Lordstown Motors Corp Chief Government Steve Burns poses with a prototype of the electrical automobile start-up’s Endurance pickup truck, which it’ll start constructing within the second half of 2021, on the firm’s plant in Lordstown, Ohio, U.S. June 25, 2020.
Lordstown Motors | Reuters
Shares of Lordstown Motors tumbled greater than 9% throughout after-hours buying and selling after the corporate slashed its manufacturing steerage for the yr and mentioned it might want to increase further capital.
In an announcement Monday, Lordstown CEO Steve Burns mentioned the corporate has “encountered some challenges” because it prepares to start manufacturing of an electrical pickup truck known as the Endurance in late-September.
Lordstown mentioned it expects to provide — at finest — half of the autos it beforehand forecasted this yr.
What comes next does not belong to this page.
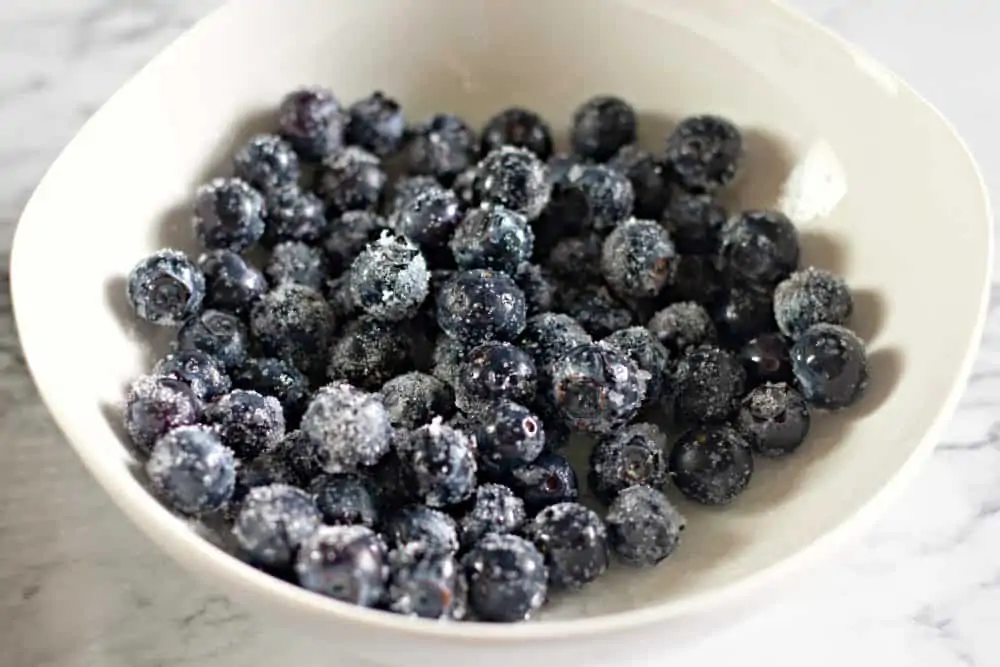 Stir the blueberries with lemon juice and sugar.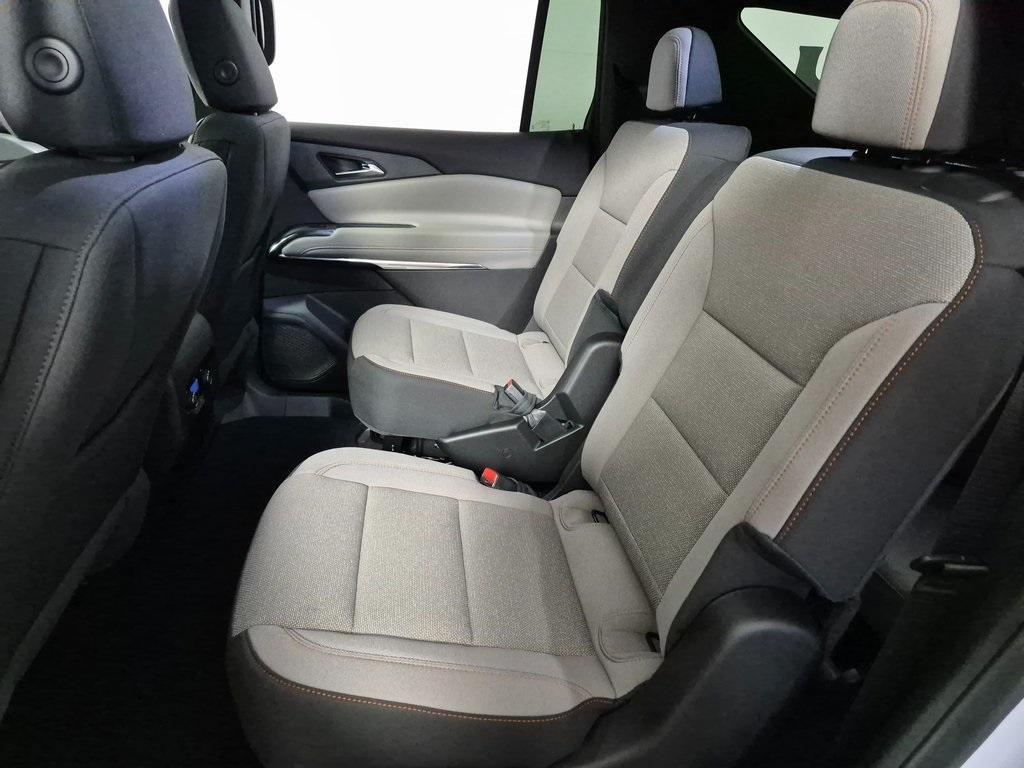 new 2026 Chevrolet Traverse car, priced at $44,385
It additionally mentioned its projected bills can be between $335 million and $350 million, up from between $220 million and $235 million. It additionally lowered its forecast for year-end liquidity from a minimum of $200 million to between $50 million and $75 million in money and money equivalents.
Burns cited “considerably larger than anticipated expenditures for elements/gear, expedited transport prices, and bills related to third-party engineering sources” as causes for the rise in bills.
“We secured a variety of vital elements and gear prematurely, so we’re nonetheless able to ramp the Endurance, however we do want further capital to execute on our plans,” he mentioned. “We imagine now we have a number of alternatives to lift capital in numerous types and have begun these discussions.”
The adjustments are the newest blow to Lordstown. Shares of the aspiring automaker tumbled final week after Wolfe Analysis downgraded the inventory to underperform with a $1 value goal following the debut of the Ford F-150 electric pickup, a competitor to the Lordstown Endurance.
In March, Lordstown additionally confirmed the U.S. Securities and Change Fee had requested data relating to claims by quick vendor Hindenburg Analysis that it misled traders.
Hindenburg accused Lordstown in a March report of using “fake” orders to lift capital for the Endurance. The quick vendor claimed the pickup was years away from manufacturing, nevertheless Lordstown maintains it is on observe to start out making the automobile in September.
Lordstown went public by means of a particular objective acquisition firm, or SPAC, in October. It’s amongst a rising group of electrical automobile start-ups going public by means of offers with SPACs, which have grow to be a well-liked method of elevating cash on Wall Avenue as a result of they’ve a extra streamlined regulatory course of than conventional preliminary public choices.